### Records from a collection
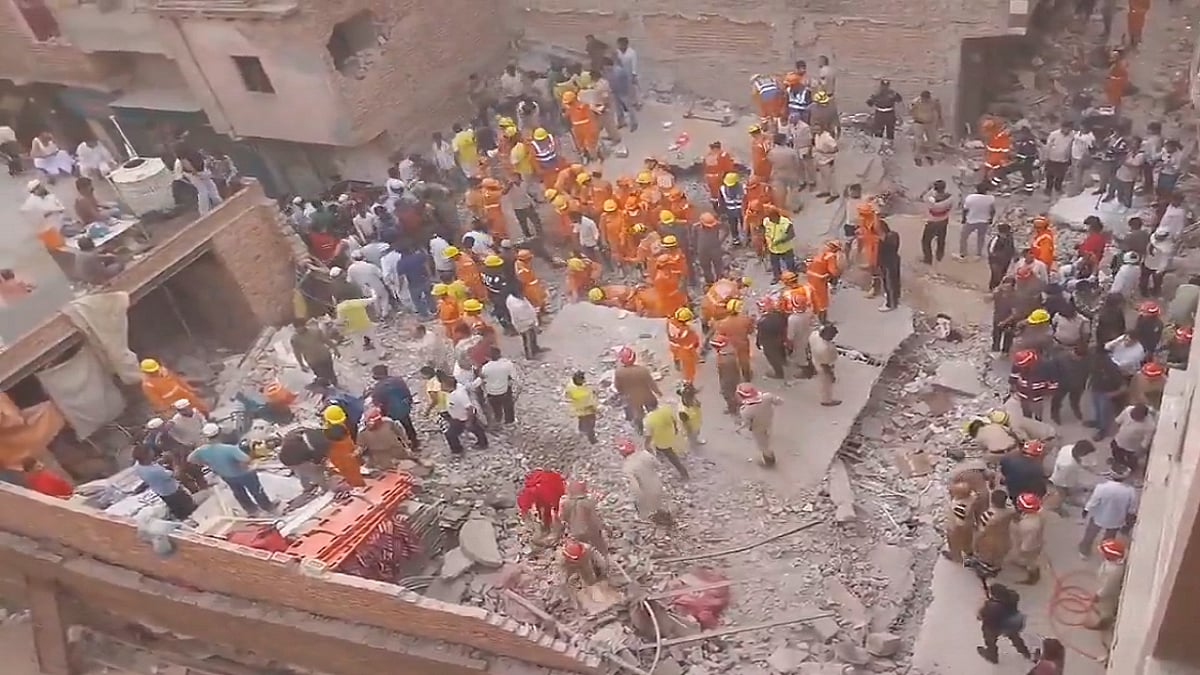 दिल्ली के मुस्तफाबाद में इमारत गिरने से 4 लोगों की मौत, 18 बचाए गए, अभी भी मलबे में कुछ लोगों के दबे होने की आशंका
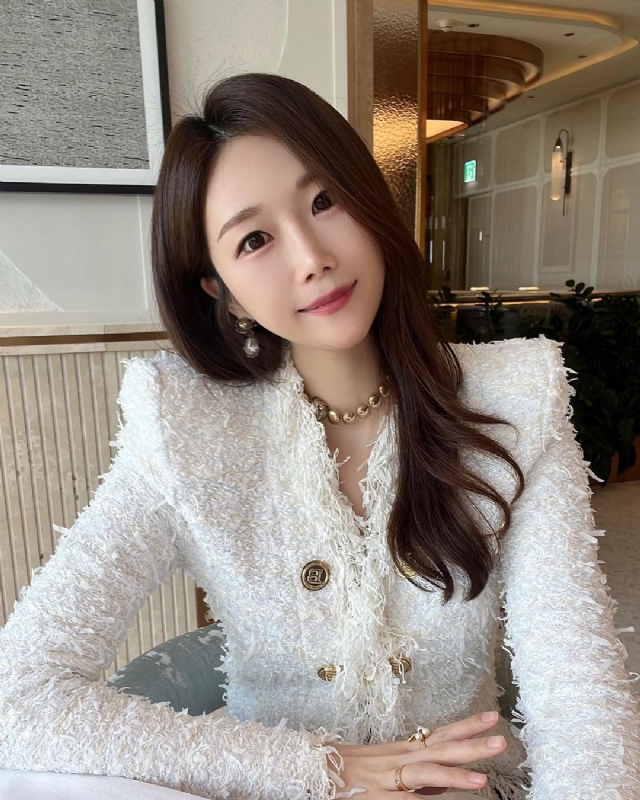 惠然的第一张照片--九江相亲服务中心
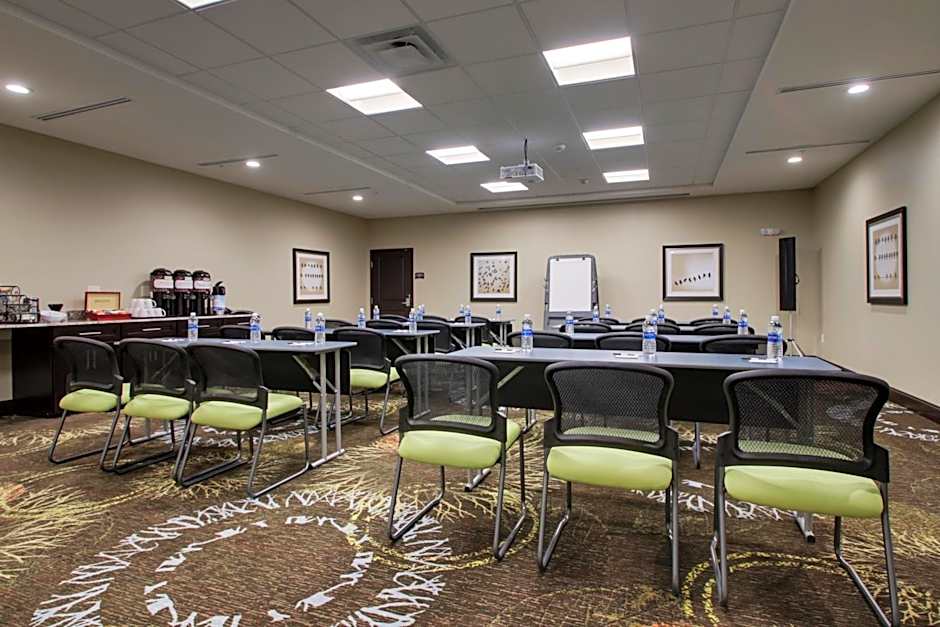 Staybridge Suites The Colony - Frisco By IHG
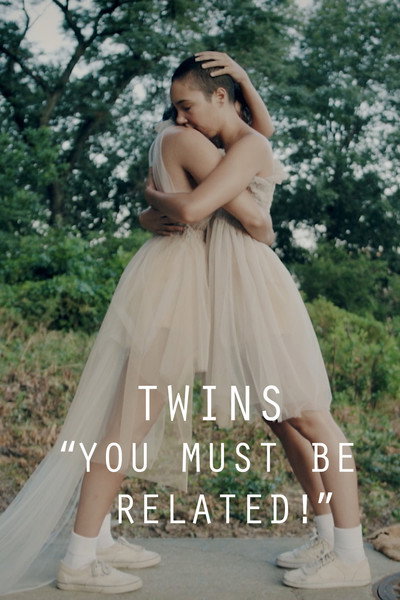 Póster de TWINS 'You must be related!'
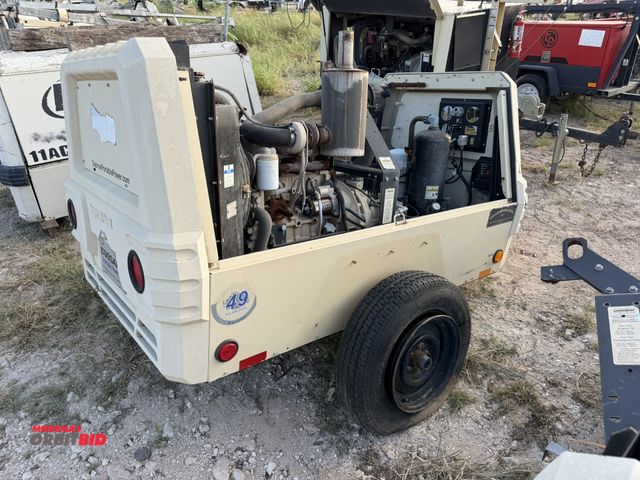 Lot 1-9523 - (1) 2012 Doosan P185 air compressor with a 4-cylinder John Deere engine, unit is for parts only, S/N...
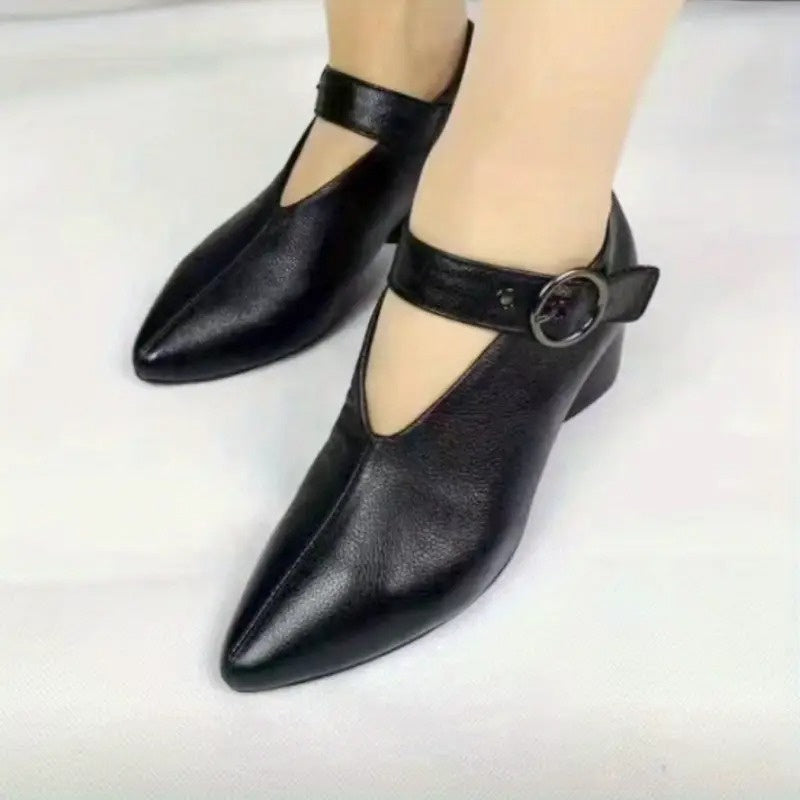 Damen-Schuhe mit Blockabsatz und spitzer Zehenpartie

### WORK TO COMPLETE
In your copy of the entries above, keep the text exact and leave out the pictures.

### ANSWER TO THE EXERCISE
 दिल्ली के मुस्तफाबाद में इमारत गिरने से 4 लोगों की मौत, 18 बचाए गए, अभी भी मलबे में कुछ लोगों के दबे होने की आशंका
 惠然的第一张照片--九江相亲服务中心
 Staybridge Suites The Colony - Frisco By IHG
 Póster de TWINS 'You must be related!'
 Lot 1-9523 - (1) 2012 Doosan P185 air compressor with a 4-cylinder John Deere engine, unit is for parts only, S/N...
 Damen-Schuhe mit Blockabsatz und spitzer Zehenpartie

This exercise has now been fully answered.